Navigation and service

Usage of ELPA on JURECA

ELPA 2018.11.001 is available on JURECA in a pure MPI and a hybrid MPI and OpenMP version.
A version compiled for GPU usage is also available.
On Booster a version with KNL usage is also available.
ELPA 2016.05.004 is also available but only in an older Stage and in the pure MPI version.The user-interfaces for both versions are different.Version 2018.11.001 will be the last version with the legacy interface to ELPA. All further versions will only support the new interface.ELPA needs MKL for ScaLAPACK, BLACS, LAPACK, and BLAS.It cannot be used with OpenMPI as the BLACS from MKL cannot be used with OpenMPI.

The latest available version is 2020.05.001 in Stages/Devel-2019a. To access that version say

ml load Stages/Devel-2019a

There are versions with GPU usage available on JURECA. To get full GPU performance it is necessary to enable NVIDIA Multi-process service by adding

#SBATCH --gres=gpu:4 --partition=gpus --cuda-mps

in your batch script.NVIDIA Multi-process service is not compatible with usage of OpenMP on the CPUs thus for GPU usage only the pure MPI versions are available. All other versions are combined versions with the pure MPI version and the hybrid MPI/OpenMP version in one module.

Compiling and linking a Fortran name.f calling ELPA routines from the pure MPI version looks as follows:

module load intel-para
module load ELPA/2018.05.001
mpif90 name.f [-O3 ] \
-I$ELPA_INCLUDE/elpa -L$ELPA_LIB -lelpa \
-lmkl_scalapack_lp64 -lblacs_intelmpi_lp64 \
-lmkl_intel_lp64 -lmkl_sequential -lmkl_core [-liomp5 -lpthread]

For the hybrid version it is recommended (but not necessary) to load the threaded version of Parastation MPI (for IntelMPI this is the default), so for the hbrid version use

module load Intel
module load ParaStationMPI/5.2.2-1-mt
module load ELPA/2018.05.001
mpif90 [-O3] -qopenmp name.f \
-I$ELPA_INCLUDE_OPENMP/elpa -L$ELPA_LIB -lelpa_openmp \
-lmkl_scalapack_lp64 -lblacs_intelmpi_lp64 \
-lmkl_intel_lp64 -lmkl_intel_thread -lmkl_core -liomp5 -lpthread

Even with the hybrid version of ELPA you should link the threaded version of MKL, because part of the threaded parallelization comes from using threaded BLAS routines.
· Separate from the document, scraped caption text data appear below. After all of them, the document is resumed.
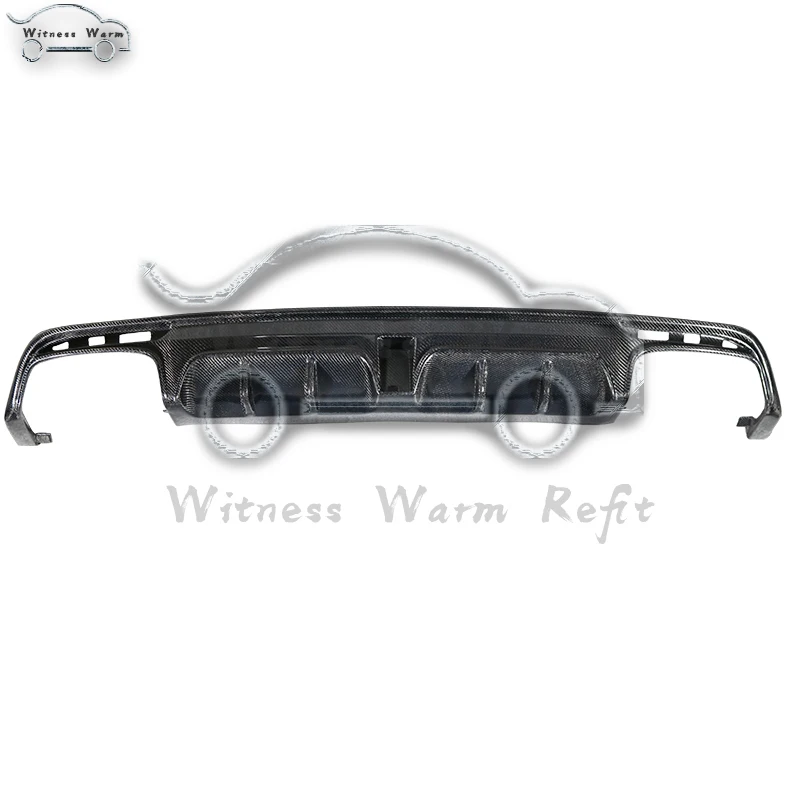 Задний бампер W222 S Class из настоящего углеродного волокна сплиттер для губ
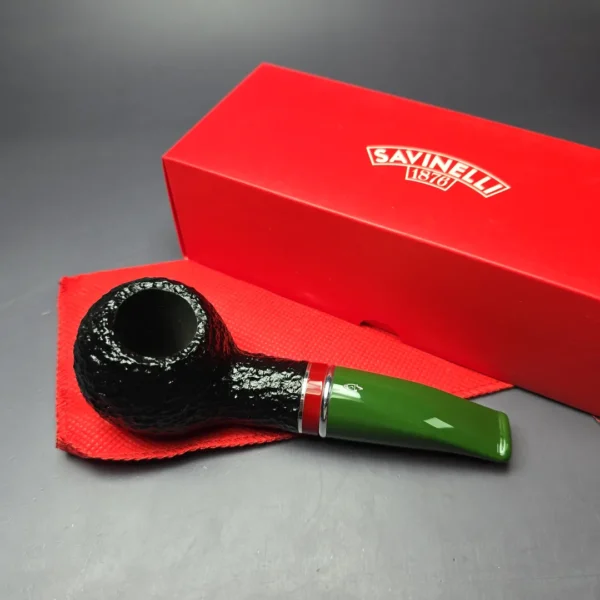 Savinelli 2025 Saint Nicholas 320 KS Rusticated Author Briar Pipe, 6mm, New - Image 2
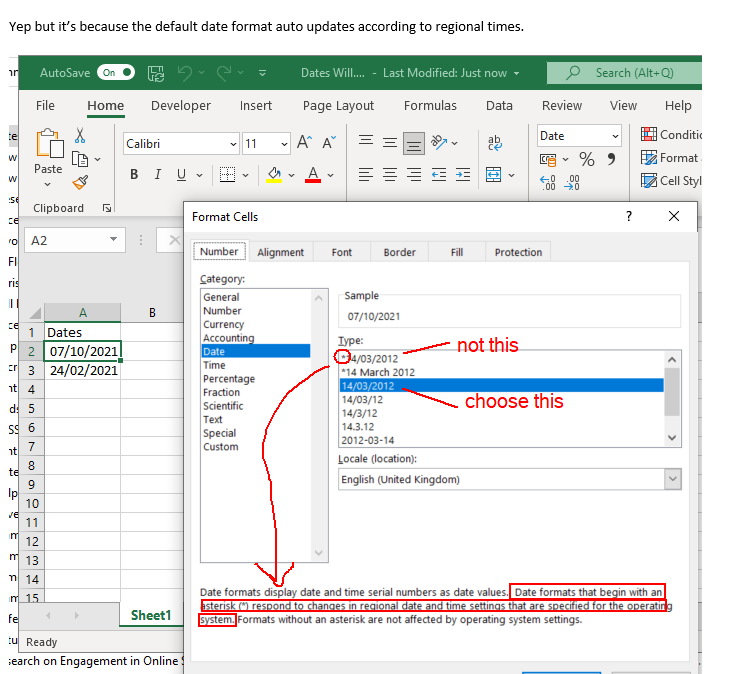 Image showing potential fix in Excel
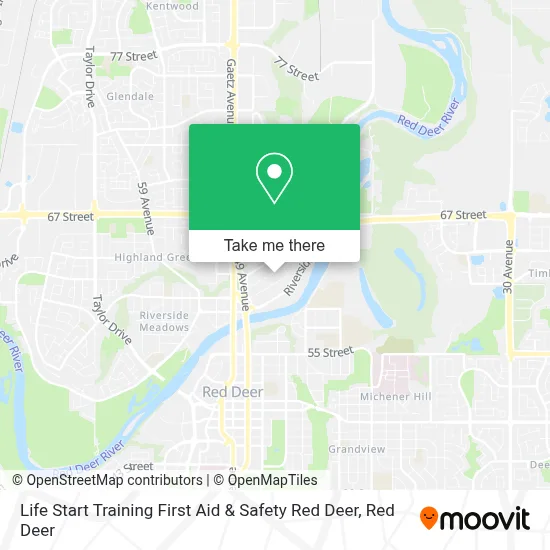 Life Start Training First Aid & Safety Red Deer map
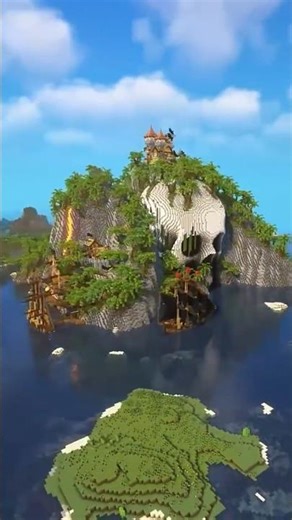 Minecraft Skull Island Minecraft #MinecraftBuilding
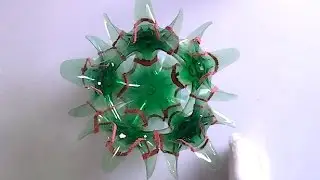 DIY cachepô de garrafas pet- sem cola #artesanatodenatal  #garrafapet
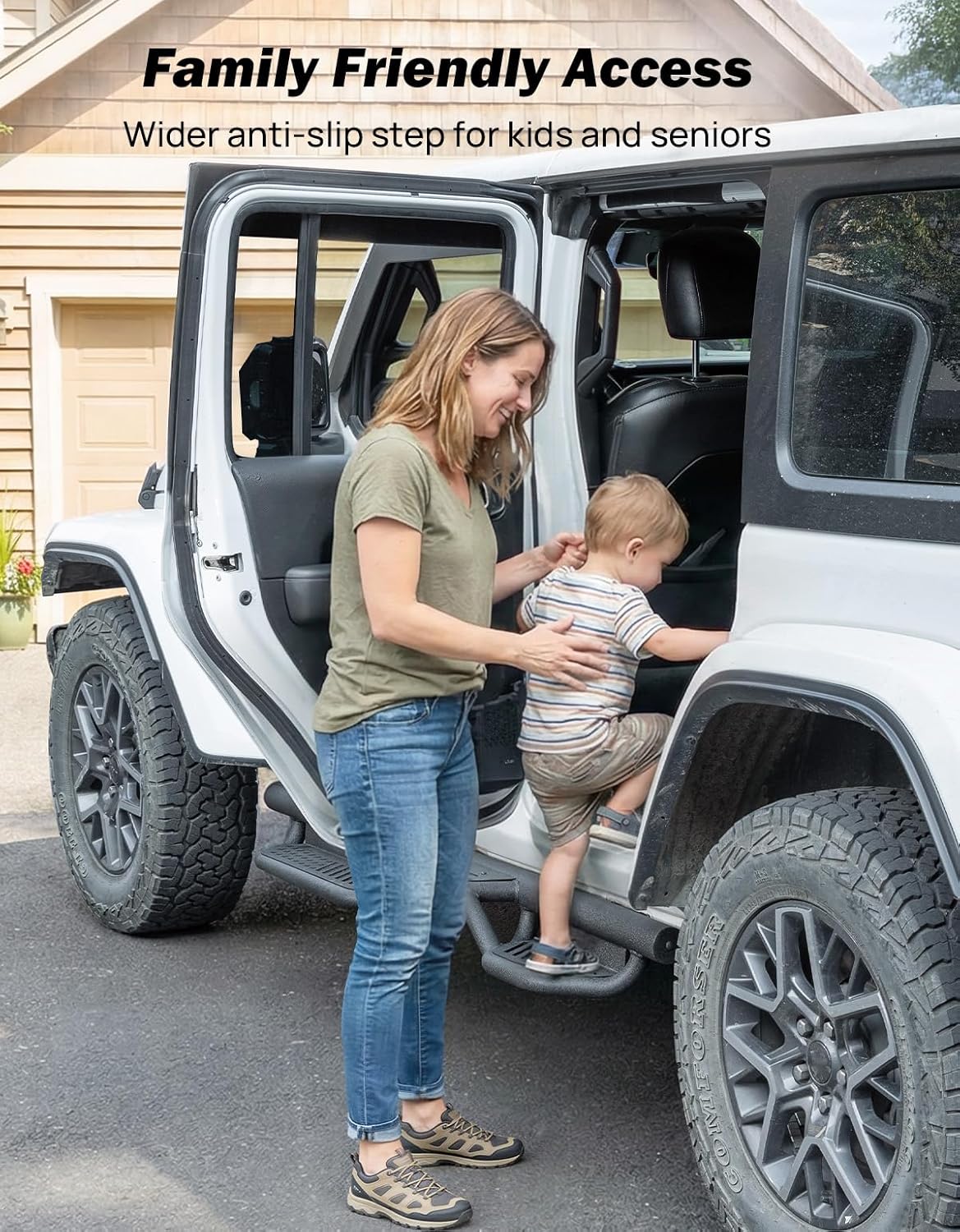 Running Boards Side Steps for Wrangler JL 4 Door 2018–2026, 550LB
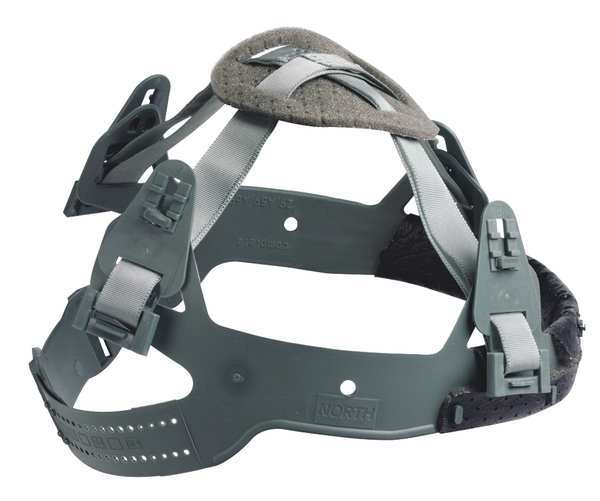 Hard Hat Suspension, Nylon, 4 pt., Pinlock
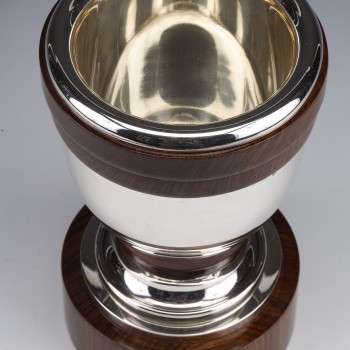Gustave KELLER - Sterling silver vase ART DECO period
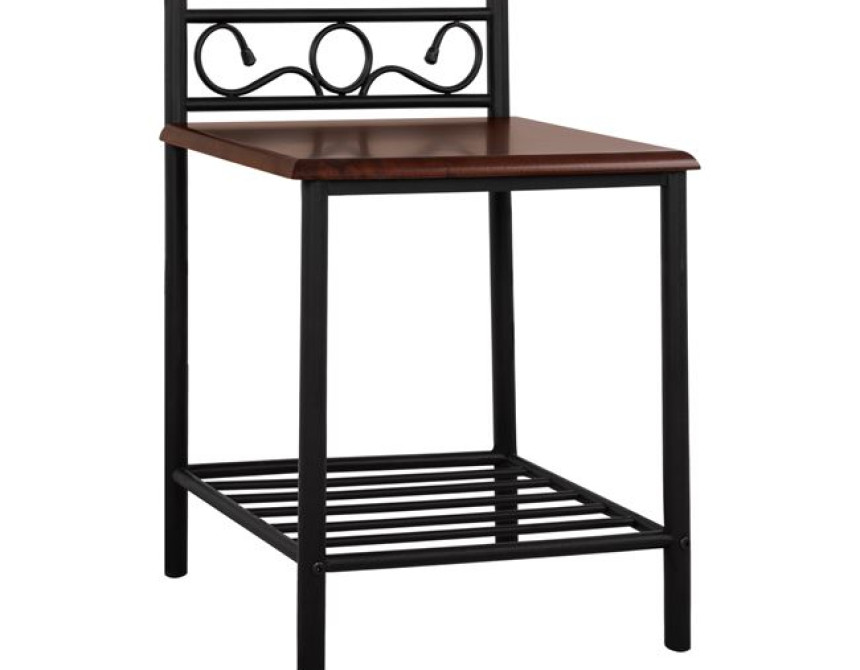 ΚΟΜΟΔΙΝΟ SUZIE HM388 ΑΠΟ ΜΕΤΑΛΛΟ ΚΑΙ ΞΥΛΟ 45x35x48-61 εκ.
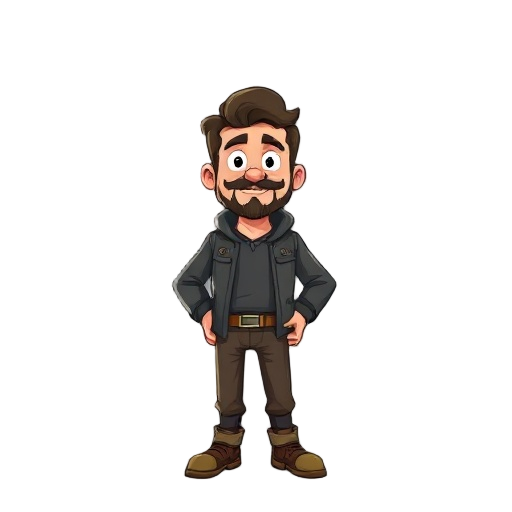 a man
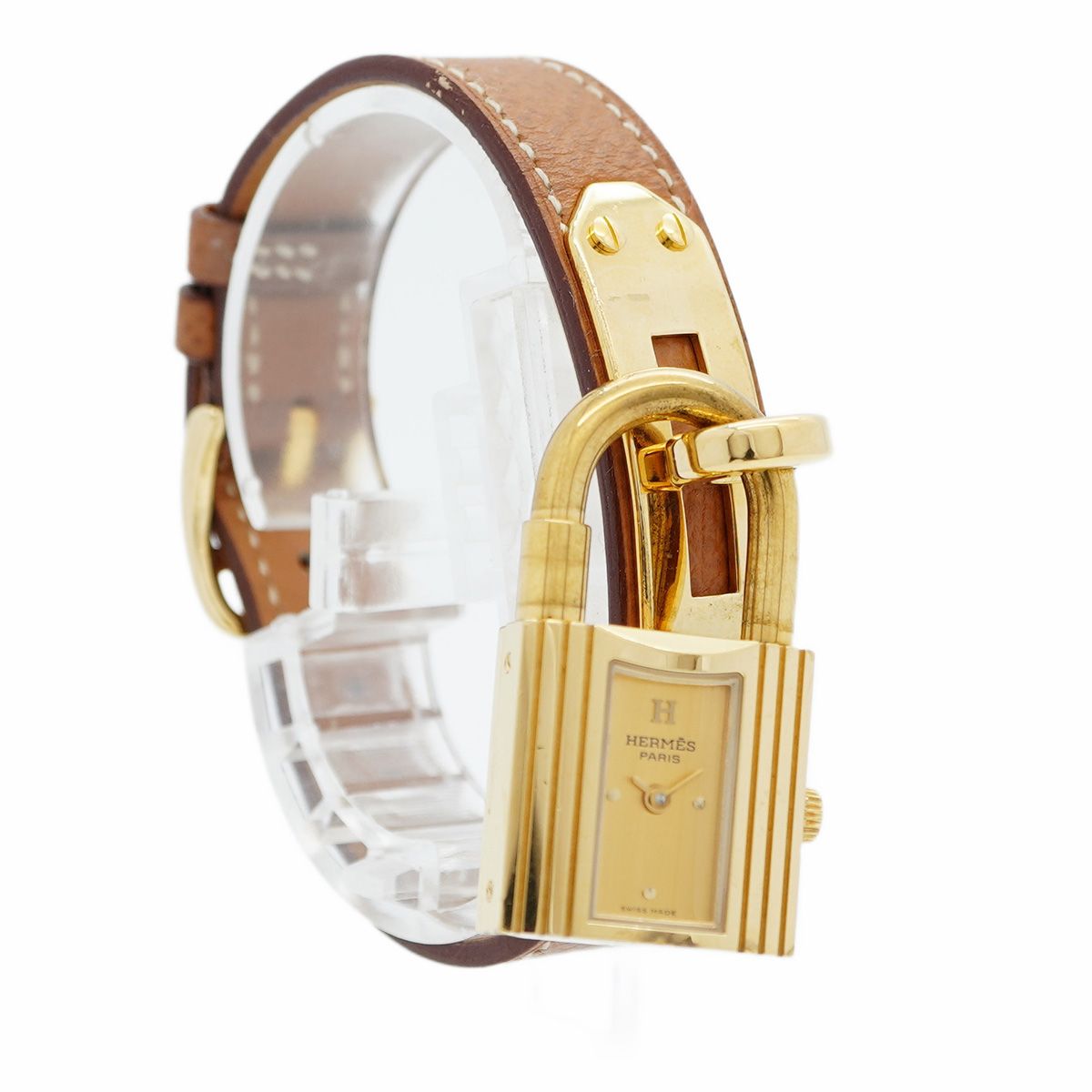  5 wwo 0094 エルメス ケリーウォッチ ゴールド文字盤 腕時計 レディース その他 時計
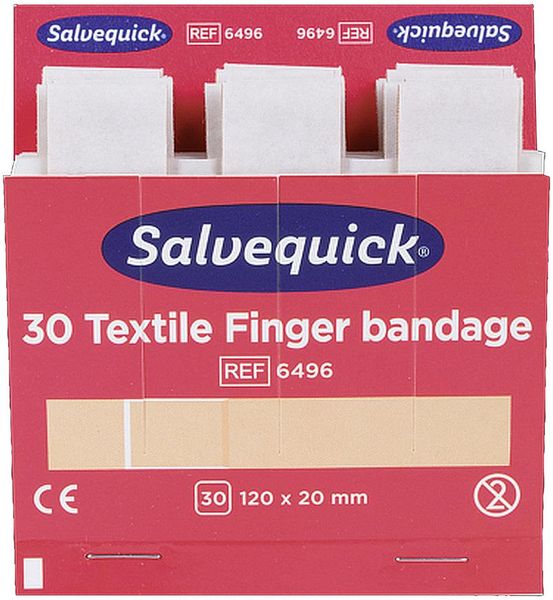 Salvequick Nachfüllp. elastisch, 6x30 Pflaster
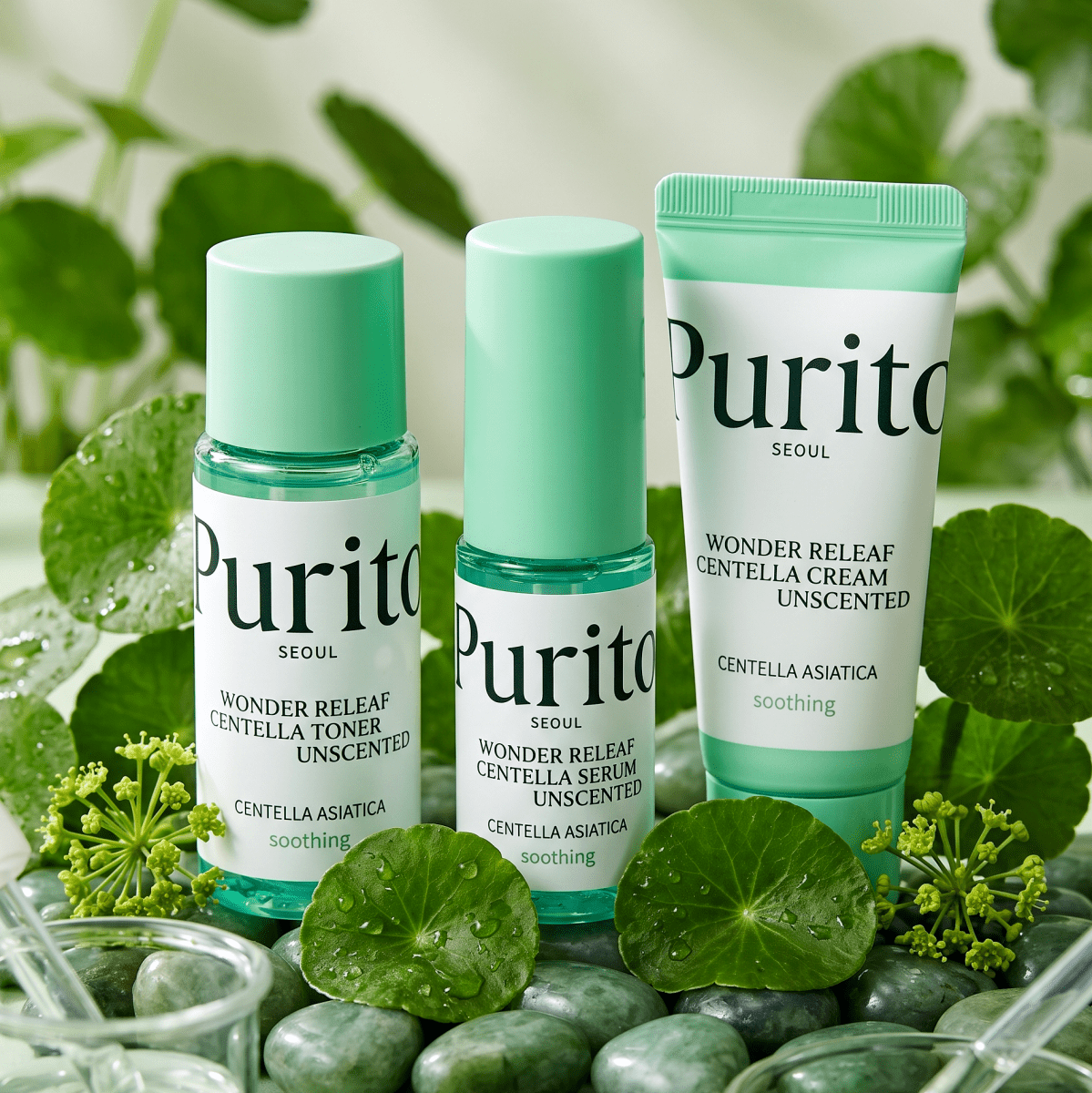 Purito SEOUL Wonder Releaf Centella Mini Kit Unscented | AmiGlow NZ - AmiGlow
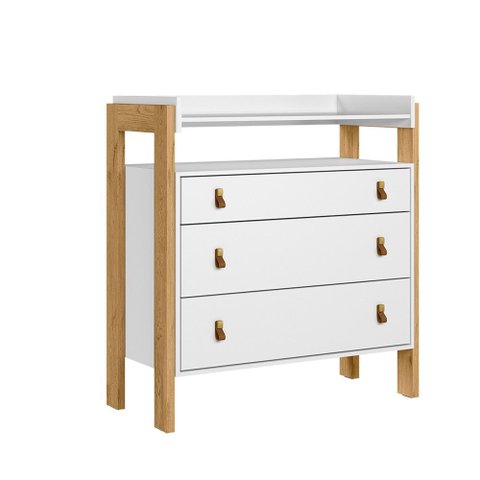 Cômoda Fantasia 3 Gavetas com Nicho Mdp/mdf Qmovi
When executing a hybrid program using ELPA it is necessary to add

export ELPA_DEFAULT_omp=<number of OpenMP threads per MPI process wanted>

in the batch script befor the srun command to activate the OpenMP version of ELPA.

Examples with a Makefile to make the examples can be found in $ELPA_ROOT/examples.